Her denunciation of the "system" and the elected leaders, the national preference (or priority) that she wants to impose, the stigmatization of immigration and of Islam, the condemnation of the European Union and of "globalism" make it a reactionary party. A party opposed to the republican principles of equality, fraternity and liberty - in this case freedom of the press - when Mme Le Pen assumes she can dictate language and analyses to everyone.

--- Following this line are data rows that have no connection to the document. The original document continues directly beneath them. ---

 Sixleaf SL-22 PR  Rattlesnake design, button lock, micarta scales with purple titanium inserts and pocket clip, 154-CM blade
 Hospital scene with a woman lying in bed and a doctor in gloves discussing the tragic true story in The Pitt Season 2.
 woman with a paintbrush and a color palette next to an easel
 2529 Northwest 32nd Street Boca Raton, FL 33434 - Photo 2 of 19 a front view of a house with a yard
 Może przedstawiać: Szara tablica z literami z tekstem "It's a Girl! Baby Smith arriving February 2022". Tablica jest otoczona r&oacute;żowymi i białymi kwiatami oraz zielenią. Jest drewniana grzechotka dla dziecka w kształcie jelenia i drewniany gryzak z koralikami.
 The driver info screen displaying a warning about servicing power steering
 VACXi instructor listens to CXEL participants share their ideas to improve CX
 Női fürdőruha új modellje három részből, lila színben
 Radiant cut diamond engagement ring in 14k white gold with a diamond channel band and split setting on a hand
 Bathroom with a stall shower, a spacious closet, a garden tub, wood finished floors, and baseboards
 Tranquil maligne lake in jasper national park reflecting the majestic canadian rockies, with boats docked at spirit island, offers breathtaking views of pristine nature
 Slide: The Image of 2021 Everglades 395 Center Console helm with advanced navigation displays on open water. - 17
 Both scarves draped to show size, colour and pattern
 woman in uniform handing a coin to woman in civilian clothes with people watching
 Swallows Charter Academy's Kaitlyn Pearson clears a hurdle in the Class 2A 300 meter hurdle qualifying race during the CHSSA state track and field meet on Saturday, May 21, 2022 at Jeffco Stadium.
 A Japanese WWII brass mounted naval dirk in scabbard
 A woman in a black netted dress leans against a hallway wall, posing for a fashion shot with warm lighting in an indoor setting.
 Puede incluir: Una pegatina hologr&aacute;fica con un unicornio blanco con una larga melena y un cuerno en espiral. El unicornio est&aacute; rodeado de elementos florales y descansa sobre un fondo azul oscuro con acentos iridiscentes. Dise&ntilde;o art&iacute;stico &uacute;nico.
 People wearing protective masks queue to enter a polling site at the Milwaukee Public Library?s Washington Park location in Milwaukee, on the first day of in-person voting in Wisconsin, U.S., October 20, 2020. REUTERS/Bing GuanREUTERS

Note: Is Marine Le Pen right to attempt this legal action against the media? Would she achieve a better result by trying to explain that what is called "extreme right" today was simply called "patriotism" at one time? Suing journalists is like suing lawyers. It's almost impossible to win, unless you can provide some kind of tangible proof that the journalist committed an intentional unethical action, as in the al-Durrah case. (But even here the final verdict in 2013 went against Philippe Karsenty who had accused France 2 of unethical conduct). Le Monde's assertion that a desire for national preference proves the FN is a party of the "extreme right" is a blatant example of the media's hatred of the basic human need for a national home in which one culture dominates, no matter how many minorities live side by side. Any nation worthy of the name has to follow a policy of national preference just as any father must defend his family. For Le Monde nationalism is an evil, opposition to globalism is an evil, opposition to uncontrollable immigration is an evil, and we can assume that any father who defends his family is evil. Le Monde's case against Marine Le Pen is based on the totalitarian powers of the media, not on any desire to clarify the meaning of words like "left" and "right" that are so overused and yet still succeed in arousing violent emotions. And what does Le Monde have to say about the extreme left and its heritage of sixty million (minimum) people killed because they dissented?
I think Marine would do better to take her case to the people, hammer it home, and avoid the French courts which, she surely knows, will render a guilty verdict without wasting energy on a trial. She has to explain in what way the party is right-wing and why that is not necessarily a bad thing. She has to show how Hitlerian racist policies differ radically from a policy of immigration restriction. And she should describe to her constituents how the media have instilled into vulnerable minds the notion that nationalism is equivalent to nazism.